* _Task brief_:
Please transcribe exactly the line that holds "A front view" and all lines that follow it to the end of the records below, omitting any pictures.

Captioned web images

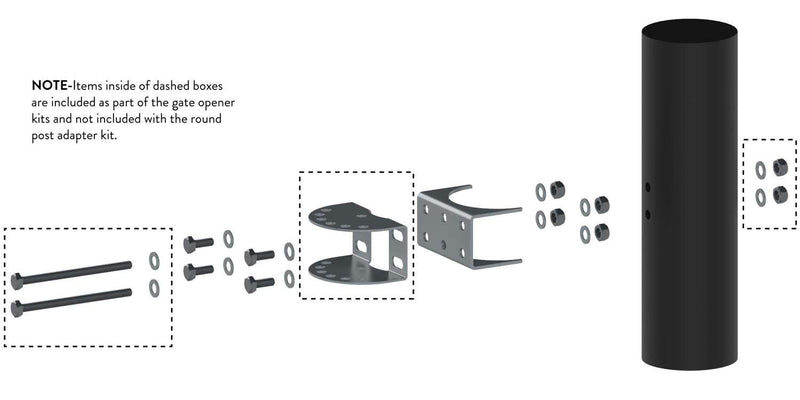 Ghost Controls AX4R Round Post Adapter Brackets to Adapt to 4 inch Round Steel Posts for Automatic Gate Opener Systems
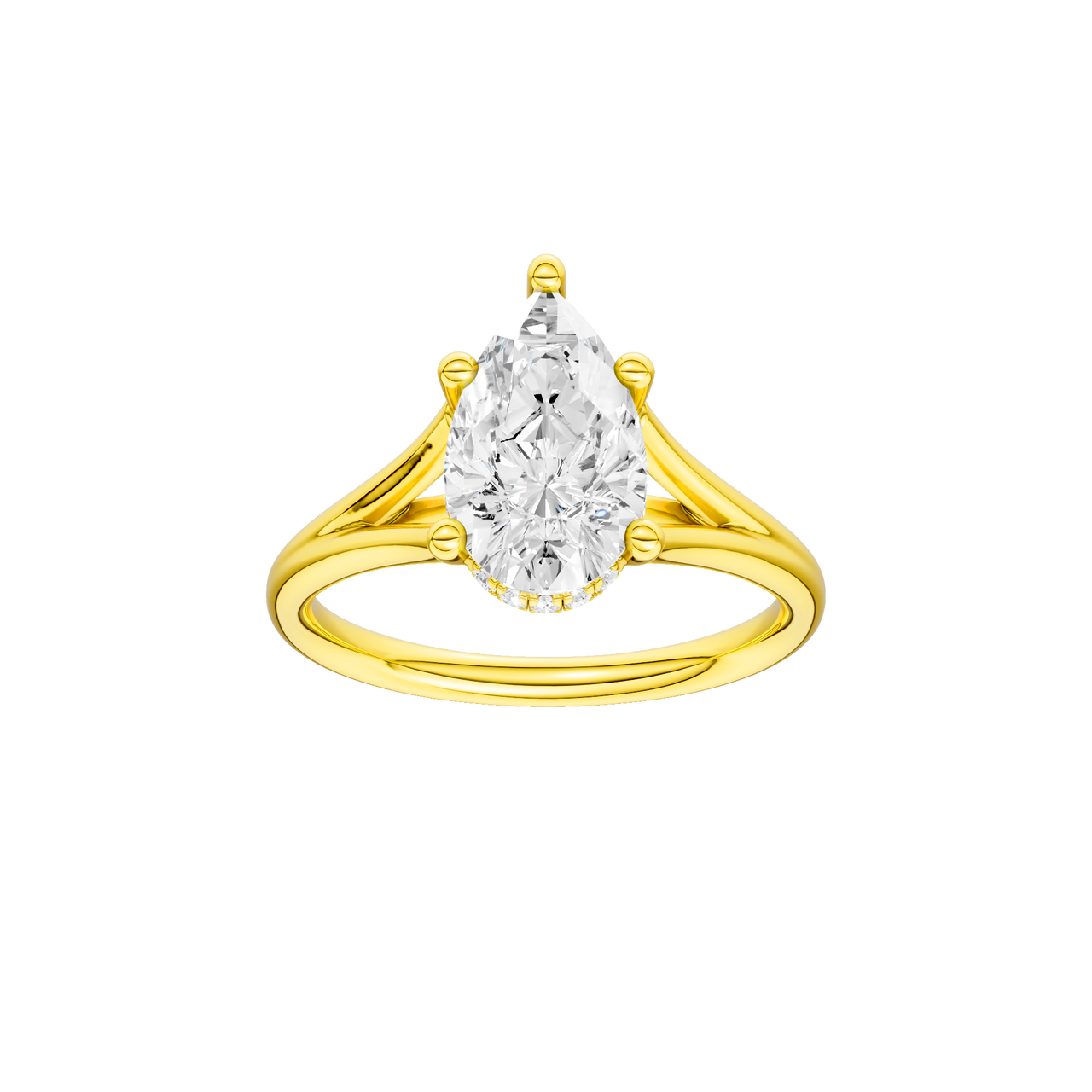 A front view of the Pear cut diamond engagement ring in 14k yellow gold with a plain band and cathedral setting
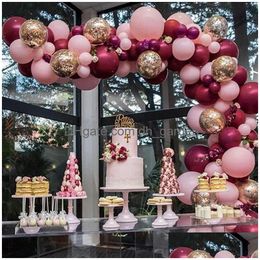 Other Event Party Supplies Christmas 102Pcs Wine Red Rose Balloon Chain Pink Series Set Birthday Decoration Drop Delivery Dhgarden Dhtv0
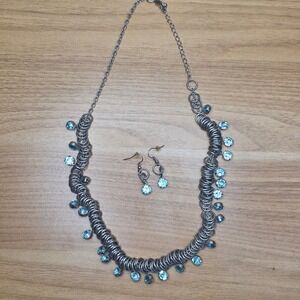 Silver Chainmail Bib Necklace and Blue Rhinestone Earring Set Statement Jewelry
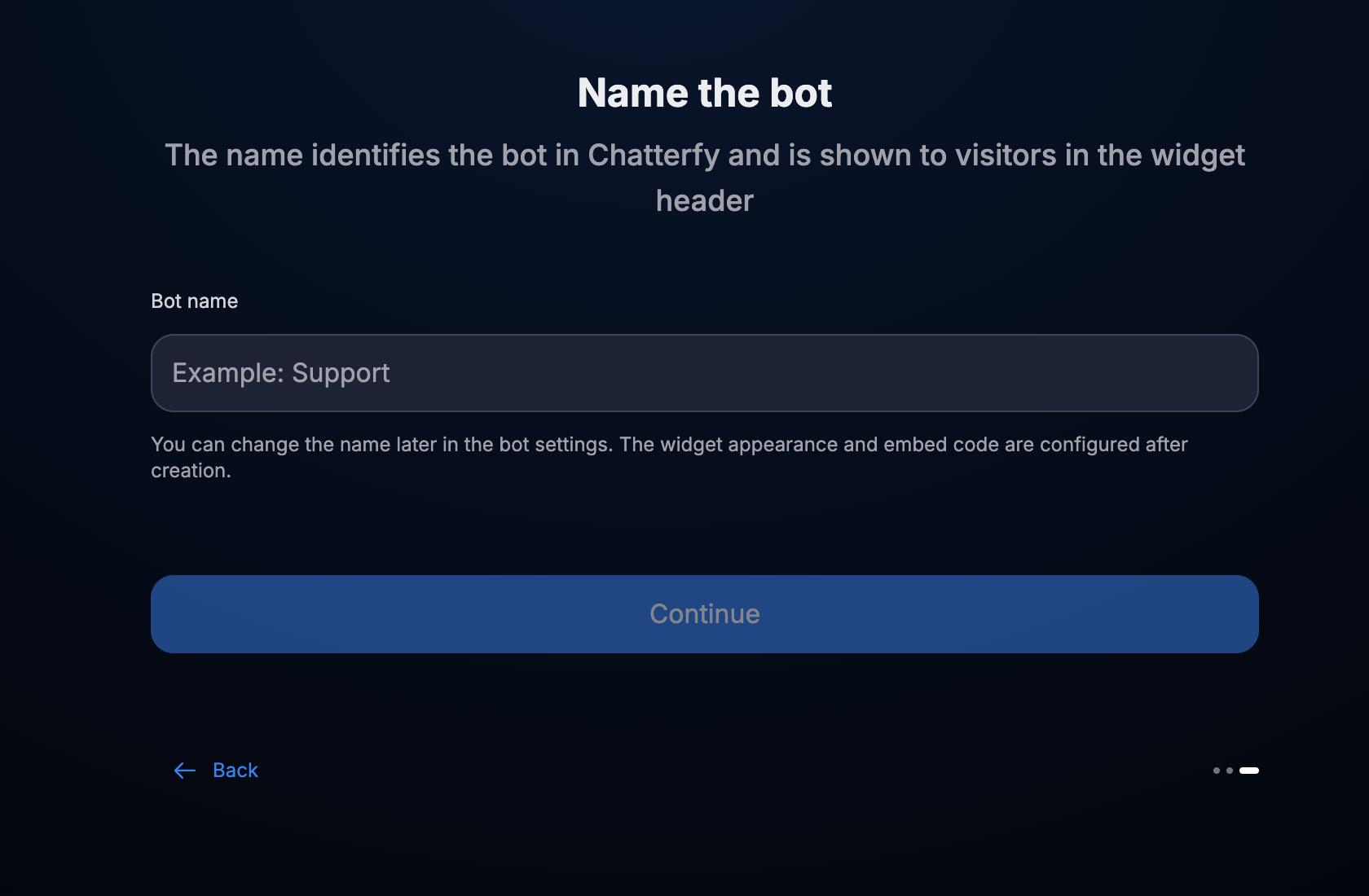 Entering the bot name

* _Task output_:
 A front view of the Pear cut diamond engagement ring in 14k yellow gold with a plain band and cathedral setting
 Other Event Party Supplies Christmas 102Pcs Wine Red Rose Balloon Chain Pink Series Set Birthday Decoration Drop Delivery Dhgarden Dhtv0
 Silver Chainmail Bib Necklace and Blue Rhinestone Earring Set Statement Jewelry
 Entering the bot name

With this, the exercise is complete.